* ACTIVITY:
The answer is the full listing below, copied exactly, with its pictures omitted.

* DATA SEGMENT:
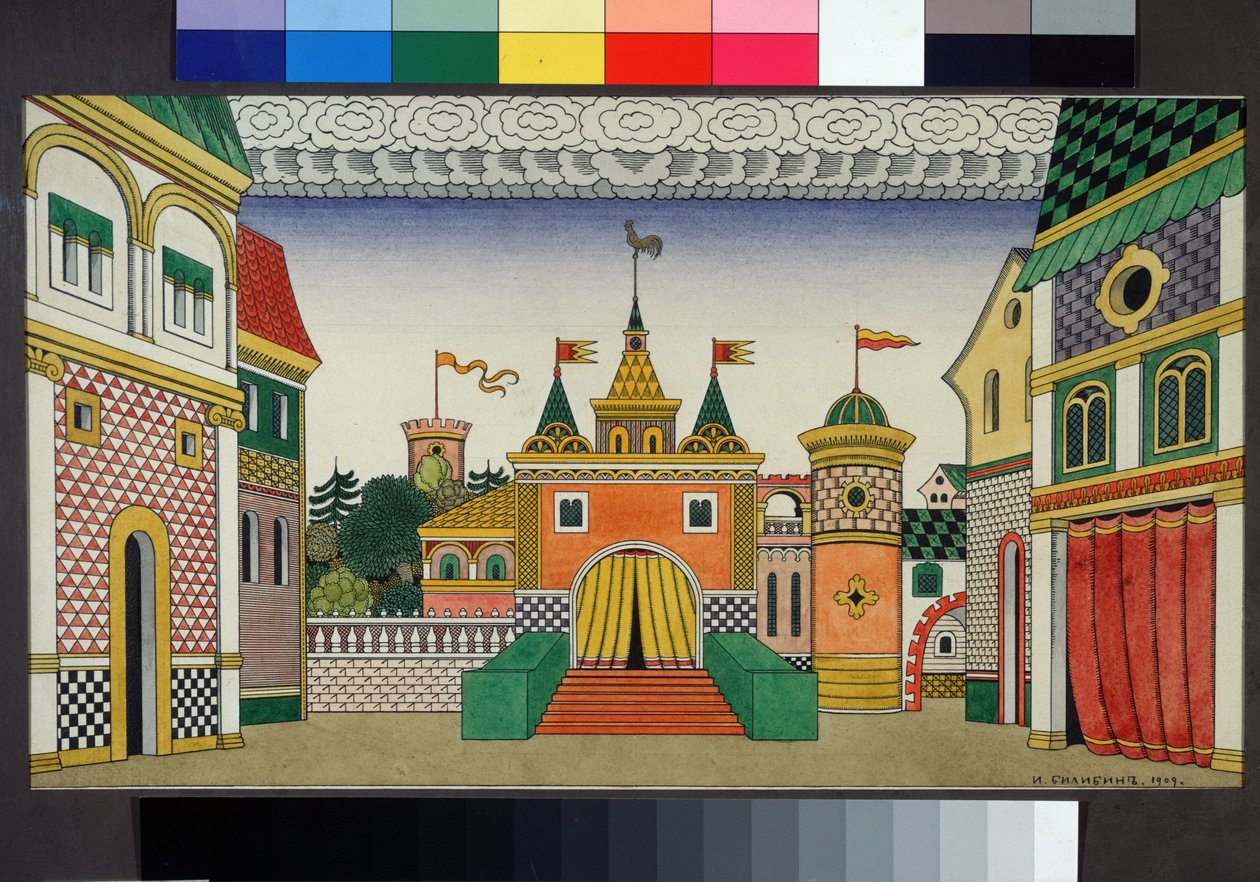 Přípravná kresba pro výpravu opery Zlatý kohoutek Nicholase (Nikolaje) Rimského Korsakova (Rimskij-Korsakov) (1844-1908) Obraz Ivana Jakoleviče Bilibina (Bilibi) od Ivan Yakovlevich Bilibin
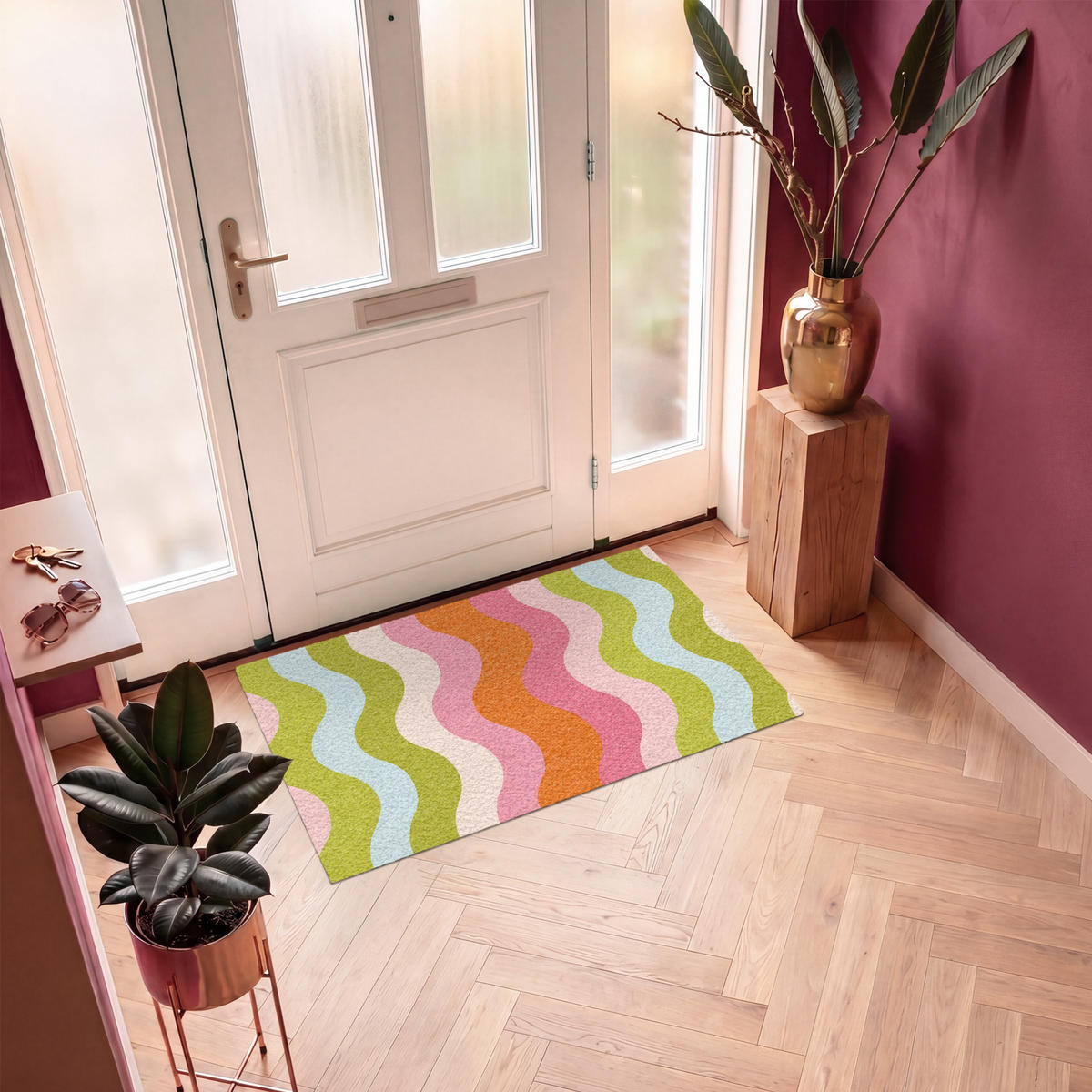ROHOŽKA Oběžné dráhy - Vlny - Barevné - Vertikální 120x80 cm - různobarevná, textil/umělá hmota (120/0.4cm) - MuchoWow
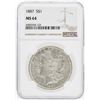 Image 1 : 1887 $1 Morgan Silver Dollar Coin NGC MS64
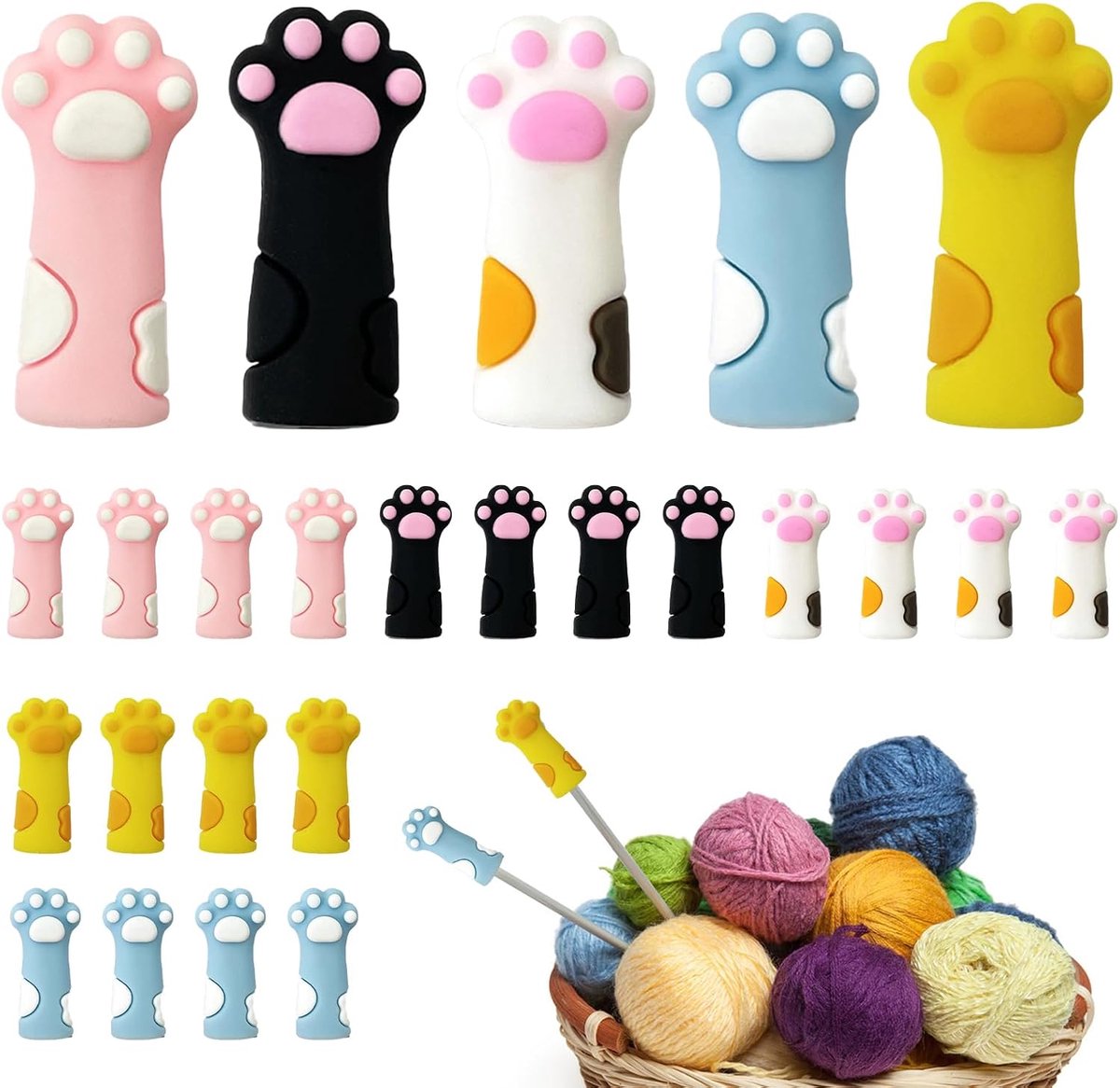 20 stuks maasstoppers voor breinaalden, siliconen breinaaldstopper, naaldstopper voor breinaalden in kattenpootvorm voor breien, naaien, haken, handwerk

* ANSWER TO THIS PROBLEM:
 Přípravná kresba pro výpravu opery Zlatý kohoutek Nicholase (Nikolaje) Rimského Korsakova (Rimskij-Korsakov) (1844-1908) Obraz Ivana Jakoleviče Bilibina (Bilibi) od Ivan Yakovlevich Bilibin
ROHOŽKA Oběžné dráhy - Vlny - Barevné - Vertikální 120x80 cm - různobarevná, textil/umělá hmota (120/0.4cm) - MuchoWow
 Image 1 : 1887 $1 Morgan Silver Dollar Coin NGC MS64
 20 stuks maasstoppers voor breinaalden, siliconen breinaaldstopper, naaldstopper voor breinaalden in kattenpootvorm voor breien, naaien, haken, handwerk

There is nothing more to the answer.